Records from a collection:

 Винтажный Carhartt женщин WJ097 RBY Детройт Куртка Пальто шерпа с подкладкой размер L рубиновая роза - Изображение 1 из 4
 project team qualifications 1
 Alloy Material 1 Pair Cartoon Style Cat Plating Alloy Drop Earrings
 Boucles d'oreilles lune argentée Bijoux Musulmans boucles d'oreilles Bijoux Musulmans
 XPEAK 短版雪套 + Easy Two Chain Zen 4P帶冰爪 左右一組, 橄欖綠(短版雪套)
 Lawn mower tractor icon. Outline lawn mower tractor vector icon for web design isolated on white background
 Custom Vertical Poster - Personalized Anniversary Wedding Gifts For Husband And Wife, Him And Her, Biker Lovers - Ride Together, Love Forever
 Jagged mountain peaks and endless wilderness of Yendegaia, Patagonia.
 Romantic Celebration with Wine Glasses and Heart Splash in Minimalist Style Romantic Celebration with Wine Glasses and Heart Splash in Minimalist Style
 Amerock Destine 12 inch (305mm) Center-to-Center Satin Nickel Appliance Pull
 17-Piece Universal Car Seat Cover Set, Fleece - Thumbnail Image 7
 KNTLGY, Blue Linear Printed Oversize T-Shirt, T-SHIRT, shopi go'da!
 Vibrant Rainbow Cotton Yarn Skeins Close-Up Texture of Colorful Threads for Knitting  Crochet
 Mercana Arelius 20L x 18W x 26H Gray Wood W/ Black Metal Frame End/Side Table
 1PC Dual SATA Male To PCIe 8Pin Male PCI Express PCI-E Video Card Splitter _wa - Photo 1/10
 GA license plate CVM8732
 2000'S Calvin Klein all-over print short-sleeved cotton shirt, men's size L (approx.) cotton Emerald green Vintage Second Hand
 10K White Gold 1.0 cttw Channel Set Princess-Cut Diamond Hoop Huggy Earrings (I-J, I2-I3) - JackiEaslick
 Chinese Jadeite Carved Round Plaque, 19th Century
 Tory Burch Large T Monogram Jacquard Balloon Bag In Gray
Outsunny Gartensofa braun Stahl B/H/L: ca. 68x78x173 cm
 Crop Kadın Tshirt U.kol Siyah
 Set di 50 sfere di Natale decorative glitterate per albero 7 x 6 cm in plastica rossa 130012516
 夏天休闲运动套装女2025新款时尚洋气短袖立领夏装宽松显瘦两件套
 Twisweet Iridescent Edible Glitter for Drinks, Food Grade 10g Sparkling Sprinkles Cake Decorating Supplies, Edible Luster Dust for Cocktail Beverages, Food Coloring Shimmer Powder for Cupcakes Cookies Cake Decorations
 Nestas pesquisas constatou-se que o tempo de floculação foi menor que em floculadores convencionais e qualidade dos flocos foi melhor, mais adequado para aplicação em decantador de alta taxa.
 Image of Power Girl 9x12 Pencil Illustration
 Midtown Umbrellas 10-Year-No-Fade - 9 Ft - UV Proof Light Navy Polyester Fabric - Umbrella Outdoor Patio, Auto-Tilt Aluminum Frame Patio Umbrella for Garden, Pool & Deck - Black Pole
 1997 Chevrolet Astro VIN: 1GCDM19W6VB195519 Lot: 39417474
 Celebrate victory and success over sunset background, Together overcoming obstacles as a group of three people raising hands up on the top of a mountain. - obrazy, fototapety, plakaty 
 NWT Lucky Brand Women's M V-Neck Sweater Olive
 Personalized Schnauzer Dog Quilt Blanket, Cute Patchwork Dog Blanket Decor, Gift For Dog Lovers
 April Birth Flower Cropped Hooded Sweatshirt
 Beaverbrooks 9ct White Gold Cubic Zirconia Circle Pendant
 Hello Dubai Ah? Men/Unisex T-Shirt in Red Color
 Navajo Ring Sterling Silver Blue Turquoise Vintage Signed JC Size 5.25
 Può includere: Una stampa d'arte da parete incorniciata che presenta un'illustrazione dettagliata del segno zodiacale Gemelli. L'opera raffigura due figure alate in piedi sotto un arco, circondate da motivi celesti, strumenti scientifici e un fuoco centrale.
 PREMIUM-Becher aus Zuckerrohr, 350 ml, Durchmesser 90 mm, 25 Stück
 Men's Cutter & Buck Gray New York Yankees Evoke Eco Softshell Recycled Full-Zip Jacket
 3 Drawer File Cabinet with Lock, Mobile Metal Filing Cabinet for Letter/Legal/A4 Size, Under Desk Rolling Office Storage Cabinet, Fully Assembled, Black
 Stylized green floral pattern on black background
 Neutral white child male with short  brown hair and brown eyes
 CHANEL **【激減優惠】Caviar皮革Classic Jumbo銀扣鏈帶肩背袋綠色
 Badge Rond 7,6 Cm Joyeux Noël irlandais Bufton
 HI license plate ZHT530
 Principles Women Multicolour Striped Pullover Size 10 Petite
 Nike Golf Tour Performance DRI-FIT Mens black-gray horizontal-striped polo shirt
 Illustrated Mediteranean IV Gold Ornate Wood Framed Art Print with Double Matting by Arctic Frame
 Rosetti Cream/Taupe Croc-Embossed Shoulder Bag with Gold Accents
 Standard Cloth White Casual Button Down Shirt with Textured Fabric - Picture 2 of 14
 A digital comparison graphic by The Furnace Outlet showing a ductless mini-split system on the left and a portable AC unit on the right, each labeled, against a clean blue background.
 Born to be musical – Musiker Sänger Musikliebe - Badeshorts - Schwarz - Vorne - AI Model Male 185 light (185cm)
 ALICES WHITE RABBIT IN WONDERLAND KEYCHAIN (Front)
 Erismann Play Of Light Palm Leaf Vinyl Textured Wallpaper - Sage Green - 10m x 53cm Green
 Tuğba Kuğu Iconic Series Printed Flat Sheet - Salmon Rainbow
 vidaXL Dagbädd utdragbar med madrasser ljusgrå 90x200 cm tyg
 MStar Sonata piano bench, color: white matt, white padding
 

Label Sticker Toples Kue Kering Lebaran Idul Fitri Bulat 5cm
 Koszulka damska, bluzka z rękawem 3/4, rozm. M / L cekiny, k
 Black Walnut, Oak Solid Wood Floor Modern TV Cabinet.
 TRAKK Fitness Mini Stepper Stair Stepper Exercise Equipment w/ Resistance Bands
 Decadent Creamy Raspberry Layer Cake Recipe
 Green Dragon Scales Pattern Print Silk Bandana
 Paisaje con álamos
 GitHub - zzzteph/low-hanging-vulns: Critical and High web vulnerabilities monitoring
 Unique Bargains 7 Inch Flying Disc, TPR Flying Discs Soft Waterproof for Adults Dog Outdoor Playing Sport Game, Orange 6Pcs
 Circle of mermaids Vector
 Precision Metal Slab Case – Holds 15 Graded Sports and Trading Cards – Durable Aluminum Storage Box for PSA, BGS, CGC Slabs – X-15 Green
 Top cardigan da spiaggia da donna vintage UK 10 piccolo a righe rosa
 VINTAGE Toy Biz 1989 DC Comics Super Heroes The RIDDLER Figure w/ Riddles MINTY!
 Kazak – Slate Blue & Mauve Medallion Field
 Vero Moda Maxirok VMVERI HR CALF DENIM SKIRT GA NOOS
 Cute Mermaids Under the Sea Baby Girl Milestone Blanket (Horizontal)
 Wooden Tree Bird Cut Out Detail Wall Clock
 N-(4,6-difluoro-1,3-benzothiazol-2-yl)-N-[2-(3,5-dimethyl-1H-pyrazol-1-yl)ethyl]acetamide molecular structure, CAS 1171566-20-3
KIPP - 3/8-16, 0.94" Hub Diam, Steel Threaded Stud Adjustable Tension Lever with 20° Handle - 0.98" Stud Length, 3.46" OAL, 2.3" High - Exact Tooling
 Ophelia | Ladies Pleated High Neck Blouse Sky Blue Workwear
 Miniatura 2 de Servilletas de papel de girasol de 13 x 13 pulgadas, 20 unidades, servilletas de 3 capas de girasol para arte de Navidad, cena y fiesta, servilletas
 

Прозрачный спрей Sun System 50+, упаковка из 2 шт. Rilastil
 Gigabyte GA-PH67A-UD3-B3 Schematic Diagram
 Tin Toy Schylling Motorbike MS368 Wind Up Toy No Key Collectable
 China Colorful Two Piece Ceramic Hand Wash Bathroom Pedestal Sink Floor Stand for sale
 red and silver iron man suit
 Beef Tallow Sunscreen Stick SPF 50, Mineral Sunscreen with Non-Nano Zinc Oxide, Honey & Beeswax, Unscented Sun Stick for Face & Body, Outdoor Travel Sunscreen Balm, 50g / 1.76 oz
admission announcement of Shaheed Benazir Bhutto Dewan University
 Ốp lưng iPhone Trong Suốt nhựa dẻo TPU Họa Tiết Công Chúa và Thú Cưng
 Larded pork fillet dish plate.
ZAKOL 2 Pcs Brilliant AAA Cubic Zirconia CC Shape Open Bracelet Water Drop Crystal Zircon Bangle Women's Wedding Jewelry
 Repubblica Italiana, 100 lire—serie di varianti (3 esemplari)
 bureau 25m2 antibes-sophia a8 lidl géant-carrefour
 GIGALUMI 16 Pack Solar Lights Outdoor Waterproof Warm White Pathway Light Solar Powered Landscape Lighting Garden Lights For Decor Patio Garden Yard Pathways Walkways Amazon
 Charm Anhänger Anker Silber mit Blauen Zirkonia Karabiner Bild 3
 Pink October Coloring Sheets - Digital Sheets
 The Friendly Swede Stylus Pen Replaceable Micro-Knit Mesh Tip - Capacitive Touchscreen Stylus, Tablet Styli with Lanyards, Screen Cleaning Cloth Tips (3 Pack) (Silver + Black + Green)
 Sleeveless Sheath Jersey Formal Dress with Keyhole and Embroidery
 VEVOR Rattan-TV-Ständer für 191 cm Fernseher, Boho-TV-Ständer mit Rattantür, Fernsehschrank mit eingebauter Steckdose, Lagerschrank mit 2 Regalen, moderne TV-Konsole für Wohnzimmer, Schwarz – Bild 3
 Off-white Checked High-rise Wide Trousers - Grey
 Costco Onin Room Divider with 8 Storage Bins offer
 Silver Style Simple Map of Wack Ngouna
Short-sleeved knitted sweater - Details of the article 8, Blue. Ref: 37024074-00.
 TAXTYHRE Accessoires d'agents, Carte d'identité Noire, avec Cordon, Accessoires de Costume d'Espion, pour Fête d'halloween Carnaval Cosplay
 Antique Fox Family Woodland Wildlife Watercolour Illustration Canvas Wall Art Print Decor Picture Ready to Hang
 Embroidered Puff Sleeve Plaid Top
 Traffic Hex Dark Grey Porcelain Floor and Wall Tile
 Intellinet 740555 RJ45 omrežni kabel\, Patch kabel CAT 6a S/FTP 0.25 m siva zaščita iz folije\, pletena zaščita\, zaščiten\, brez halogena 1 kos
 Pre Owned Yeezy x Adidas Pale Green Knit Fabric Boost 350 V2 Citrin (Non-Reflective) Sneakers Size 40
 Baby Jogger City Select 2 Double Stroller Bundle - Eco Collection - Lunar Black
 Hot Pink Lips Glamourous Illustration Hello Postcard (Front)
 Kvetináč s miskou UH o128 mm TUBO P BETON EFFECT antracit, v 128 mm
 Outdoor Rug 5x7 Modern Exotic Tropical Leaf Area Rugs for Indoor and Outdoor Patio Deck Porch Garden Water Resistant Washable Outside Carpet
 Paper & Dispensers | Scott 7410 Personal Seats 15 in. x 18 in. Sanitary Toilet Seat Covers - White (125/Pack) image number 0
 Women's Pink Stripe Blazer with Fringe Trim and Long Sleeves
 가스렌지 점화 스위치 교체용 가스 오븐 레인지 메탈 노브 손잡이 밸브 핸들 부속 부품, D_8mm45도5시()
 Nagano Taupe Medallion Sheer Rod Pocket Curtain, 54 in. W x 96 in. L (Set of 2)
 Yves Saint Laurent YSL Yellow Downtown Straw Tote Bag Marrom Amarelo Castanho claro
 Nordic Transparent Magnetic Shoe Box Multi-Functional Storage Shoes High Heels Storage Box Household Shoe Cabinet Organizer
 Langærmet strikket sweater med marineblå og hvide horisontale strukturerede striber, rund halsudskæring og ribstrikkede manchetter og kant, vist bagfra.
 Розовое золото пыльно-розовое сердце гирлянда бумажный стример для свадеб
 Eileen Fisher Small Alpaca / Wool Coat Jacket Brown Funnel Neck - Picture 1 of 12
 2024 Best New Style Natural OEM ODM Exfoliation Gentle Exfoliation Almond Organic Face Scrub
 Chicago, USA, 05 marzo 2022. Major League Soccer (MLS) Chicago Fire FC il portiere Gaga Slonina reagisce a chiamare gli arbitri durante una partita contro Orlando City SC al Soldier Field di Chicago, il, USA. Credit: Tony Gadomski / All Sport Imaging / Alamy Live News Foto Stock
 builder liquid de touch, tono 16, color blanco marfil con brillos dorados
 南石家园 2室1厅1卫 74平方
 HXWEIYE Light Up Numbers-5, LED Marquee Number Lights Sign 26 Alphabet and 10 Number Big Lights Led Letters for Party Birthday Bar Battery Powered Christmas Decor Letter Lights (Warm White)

REQUIRED WORK | In the reply, include exactly the lines from the beginning of the entries above through the line holding "Custom Vertical Poster", and nothing besides.

ANSWER BELOW |
 Винтажный Carhartt женщин WJ097 RBY Детройт Куртка Пальто шерпа с подкладкой размер L рубиновая роза - Изображение 1 из 4
 project team qualifications 1
 Alloy Material 1 Pair Cartoon Style Cat Plating Alloy Drop Earrings
 Boucles d'oreilles lune argentée Bijoux Musulmans boucles d'oreilles Bijoux Musulmans
 XPEAK 短版雪套 + Easy Two Chain Zen 4P帶冰爪 左右一組, 橄欖綠(短版雪套)
 Lawn mower tractor icon. Outline lawn mower tractor vector icon for web design isolated on white background
 Custom Vertical Poster - Personalized Anniversary Wedding Gifts For Husband And Wife, Him And Her, Biker Lovers - Ride Together, Love Forever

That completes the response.